Эти коды очень удачно наложены на более поздние представления об имперском центре и столичном горо­де. Этот код действовал бы независимо от того, какими именно зданиями была бы застроена Дворцовая и весь Петербург. Очень может быть, что именно эти компози­ционные формулы, воздействуя на подсознание адре­сатов, и создают, помимо их осмысленных знаний, то ощущение величавого покоя, пребывания в центре освоенного пространства. А память услужливо подсказы­вает, что вы находитесь в центре огромной Империи, в сердце столичного города.

Семантическая валентность культурного урочища

Если Санкт-Петербург по Ю.М. Лотману — го­род культурно-семиотических контрастов, то это касается и Дворцовой площади — одного отдельно взя­того культурного урочища. Здесь действует принцип «культурной голограммы» — одни и те же идеалы и представления визуализируются в урочищах разного масштаба.
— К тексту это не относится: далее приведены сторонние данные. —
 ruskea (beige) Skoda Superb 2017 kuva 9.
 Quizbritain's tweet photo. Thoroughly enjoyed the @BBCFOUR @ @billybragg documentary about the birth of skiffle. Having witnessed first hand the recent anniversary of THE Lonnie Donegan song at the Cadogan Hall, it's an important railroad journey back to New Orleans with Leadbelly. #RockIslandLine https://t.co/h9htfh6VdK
Дворцовая площадь сама по себе, как урочище культуры, является крайне емким, контрастным, моза­ичным, семантически валентным местом, в котором за счет действия этих особенностей происходит быстрое развитие культуры. Это позволяет использовать по от­ношению к нему все тот же термин «месторазвитие». Ра­нее я применял его ко всему городу — теперь настаи­ваю на своем праве применить и к отдельно взятому, сравнительно небольшому урочищу.

Вопрос, конечно, еще и в том, как воспринималось урочище людьми разных эпох и разных поколений. Нет никакой уверенности в том, что это одно и то же: вос­приятие автором постройки того, что у него получилось, и восприятие человека другой эпохи. Важно не только, как написан текст, что написано адресантом; важно и что будет прочитано адресатом.

Некоторые из замыслов авторов ансамбля восходят к архетипическим представлениям, почти тождествен­ным для людей разных культурно-исторических эпох. Восприятие круга как символа целостности, неправиль­ной окружности с эксцентрически нанесенной точкой не особенно зависит от принадлежности к народу, куль­туре и эпохе.

Но интерпретация композиционных формул и особен­но архетипических образов, их наполнение конкретными представлениями каждой из эпох может быть предельно различно. В 1840—1850-е гг. россиянин, выходящий из арки Генерального штаба на Дворцовую, видел совер­шенно то же самое, что и его внук в начале XX века, и что видит его праправнук сейчас. Но тогда этот архи­тектурный ансамбль будил гордое ощущение принад­лежности к огромной империи, чувство «окна в Европу» и «столичности» (и, не говоря ни о чем другом, был по­следним «криком» архитектурной мысли).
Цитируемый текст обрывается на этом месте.